Captioned web images
== Segment start ==

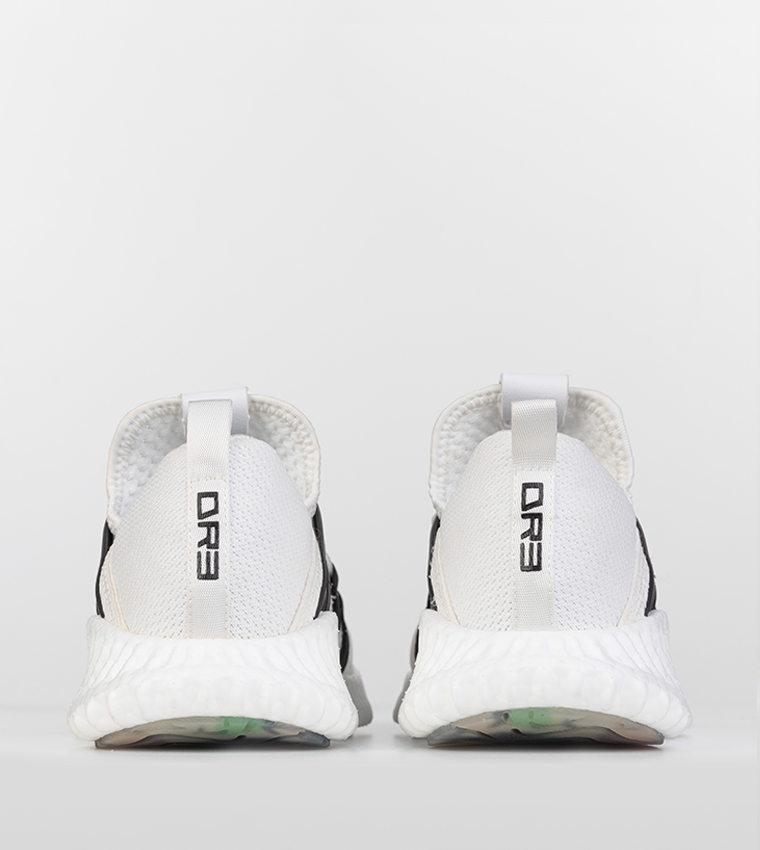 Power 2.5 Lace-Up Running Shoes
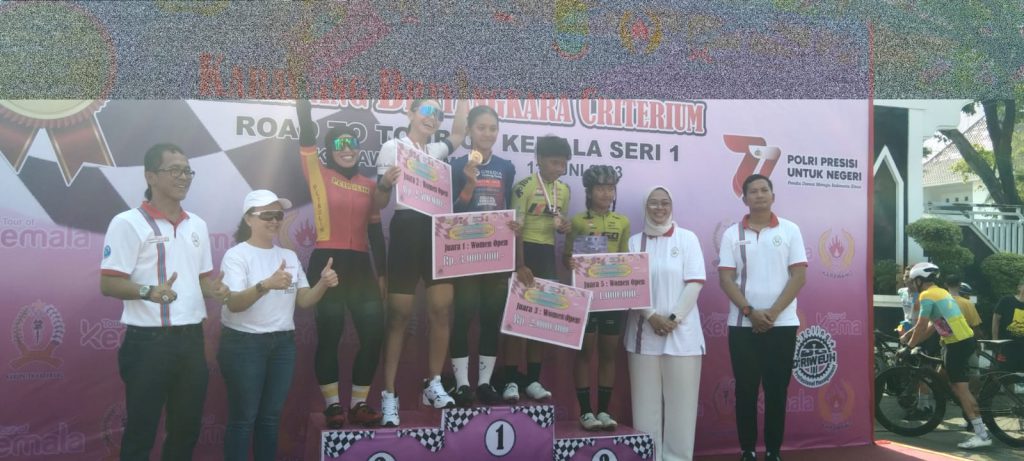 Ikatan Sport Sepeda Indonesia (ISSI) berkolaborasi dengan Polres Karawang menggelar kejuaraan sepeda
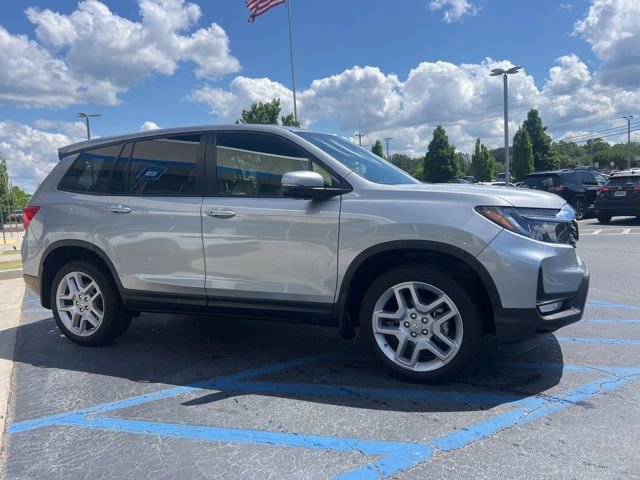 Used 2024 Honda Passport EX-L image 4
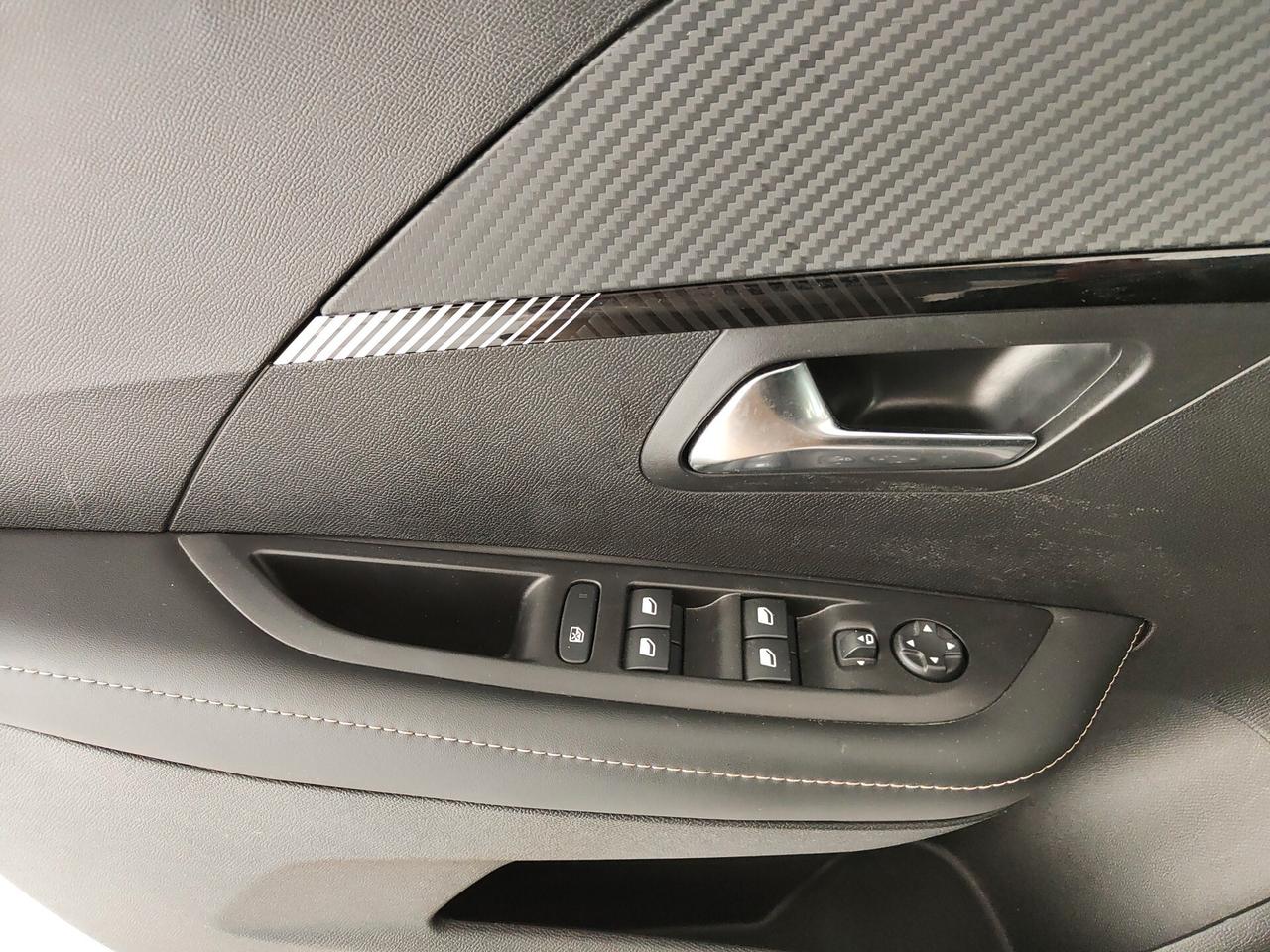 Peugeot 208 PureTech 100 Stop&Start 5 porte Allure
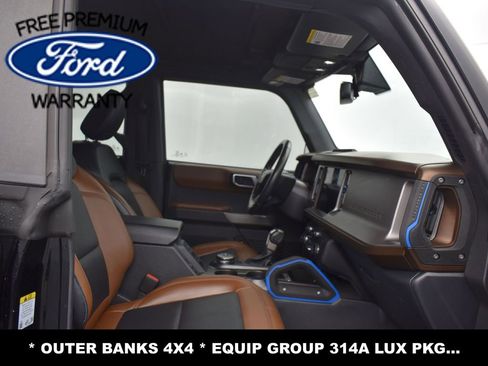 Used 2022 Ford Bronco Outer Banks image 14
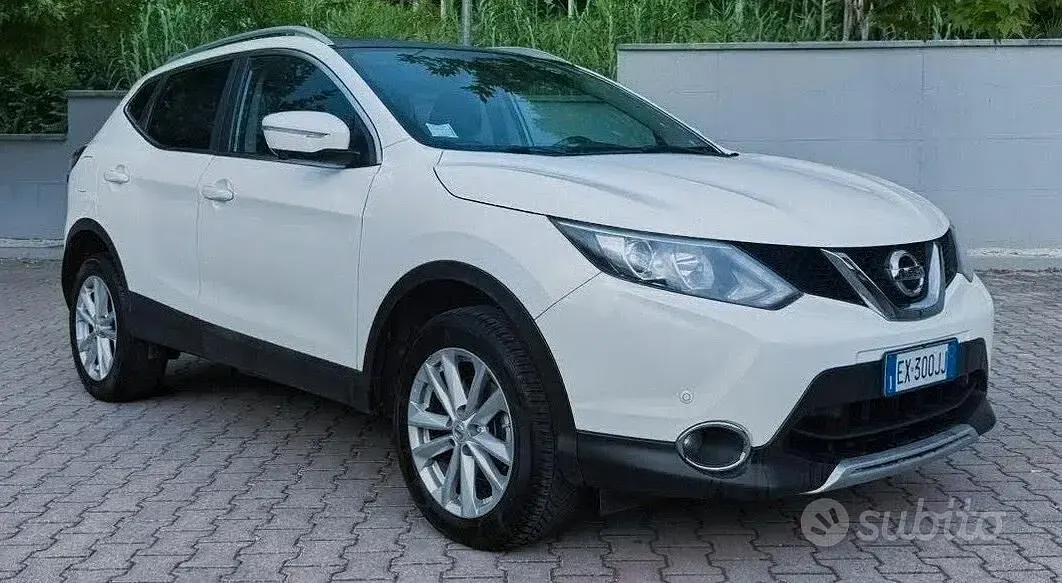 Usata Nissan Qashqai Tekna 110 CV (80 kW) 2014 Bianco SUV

== Segment end ==

Task statement: Transcribe exactly the lines from the one with "Ikatan Sport Sepeda" to the last line of the records, both included, so that no picture appears in the copy.

Answer section:
 Ikatan Sport Sepeda Indonesia (ISSI) berkolaborasi dengan Polres Karawang menggelar kejuaraan sepeda
 Used 2024 Honda Passport EX-L image 4
 Peugeot 208 PureTech 100 Stop&Start 5 porte Allure
 Used 2022 Ford Bronco Outer Banks image 14
 Usata Nissan Qashqai Tekna 110 CV (80 kW) 2014 Bianco SUV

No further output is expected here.